“Jurassic World Rebirth” should be titled “Jurassic World Regurgitation” instead in my trivial opinion. While it is supposed to try to do some new stuffs, it only serves us the same old kinds of terror and action without bringing anything particularly fresh to its declining franchise, and I only ended up feeling more bored and exhausted when I left the screening room at last night.
At least, the movie indirectly recognizes how much we have been accustomed to watching big CGI dinosaurs on the screen since “Jurassic Park” (1993). After what happened in “Jurassic World Dominion” (2022), those dinosaurs become mundane things for the human civilization, and then, due to several issues including climate and disease, they eventually inhabit the remote tropical areas of the Equator region only.
One of those remote tropical areas is a small island near South American continent, and it turns out that some big pharmaceutical company wants to extract a fresh biological sample from three certain dinosaurs for developing a drug to cure human heart diseases once for all. Zora Bennett (Scarlett Johansson), a covert operation expert, is hired for this highly dangerous mission, and we soon meet several other team members including her old colleague Duncan Kincaid (Mahershala Ali) and Dr. Henry Loomis (Jonathan Bailey), a young paleontologist who will willingly assist and help Bennett and her team.
Of course, things do not go that well for them right from when they arrive at that island in question. The island turns out to be much more dangerous because it actually has an abandoned secret facility involved with developing new kinds of dinosaurs, and there is also a serious matter involved with an American family who happens to be sailing around the island.
Even though their plan is jeopardized to some degree due to rescuing that American family from an imminent danger, Bennett and her team keep trying to get their job done as soon as possible in the island, but the situation keeps becoming more perilous. They get separated from that American family as trying to deal with another dinosaur attack, and that is just the beginning of more troubles to come for them.
As the main characters try to survive their increasingly risky circumstance, the movie naturally throws some dinosaurs into the story as expected, but many of their scenes are less scary or awe-inspiring even compared to the three previous Jurassic World flicks. While there is a lovely moment where we are allowed to appreciate the view of a bunch of gigantic dinosaurs for a while as Alexandre Desplat’s score expectedly quotes the theme from “Jurassic Park” by John Williams, many dinosaur scenes feel utterly plain and mundane while mostly existing for scaring us, and this is particularly evident in case of an action sequence involved with T-Rex.
Above all, the new dinosaurs introduced in the film look merely ugly and hideous. Sure, they are supposed to be the freaks of genetic engineering, but they do not look particularly memorable on the whole. In case of a certain big dinosaur appearing later in the story, it looks so unimaginatively dreadful that you may laugh a bit instead of being amazed or excited at all.

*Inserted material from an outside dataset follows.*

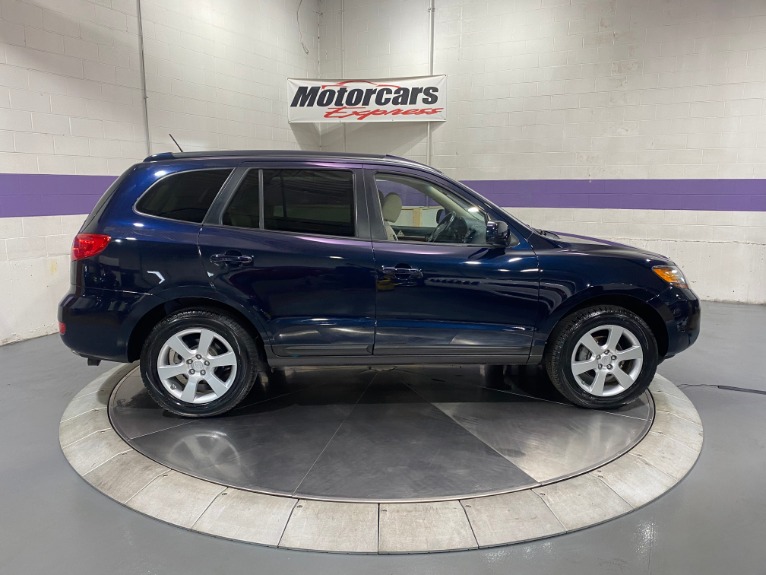 Used-2008-Hyundai-Santa-Fe-SE-FWD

In addition, the screenplay by David Koepp, who wrote the screenplay for “Jurassic Park” and its 1997 sequel, does not provide much human element to engage us. While Bennett and Kincaid have a few private moments to show a bit of their inner life, they remain as thin archetypes just like the other main characters including that American family. The subplot involved with the rather strained relationship between the father of that family and his elder daughter’s goofy boyfriend is quite predictable to say the least, and the same thing can be said about the one involved with a cute little dinosaur, which apparently exists only for merchandising.
The main cast members did try their best with their respective generic roles. Although this is not the first time when she played a covert operation expert (Remember all those Avengers flicks?), Scarlett Johansson dutifully holds the center as required, and Mahershala Ali, who is also too good for the movie just like his co-star, provides a bit of extra gravity to the story as required. In case of several other notable cast members, they do not have much to do from the start, but Rupert Friend is suitably sleezy as an employee of that pharmaceutical company, and Jonathan Bailey, who recently became more notable thanks to his supporting role in “Wicked” (2024) and will soon return in its following sequel in this year, manages to bring some humor and enthusiasm to his nerdy but handsome character (In addition, he also gladly participated in the recording of Desplat’s score as one of the session musicians, by the way).
In conclusion, “Jurassic Park Rebirth” is disappointing in many aspects even though director Gareth Edwards, who surely knows how to present big CGI creatures as shown from “Monsters” (2010) and “Godzilla” (2014), try his best with his crew members including Oscar-nominated cinematographer John Mathieson. If you simply want to see more of the same stuffs, you will be probably more entertained than I was, but, folks, don’t we deserve better than this cynical and pointless commercial product?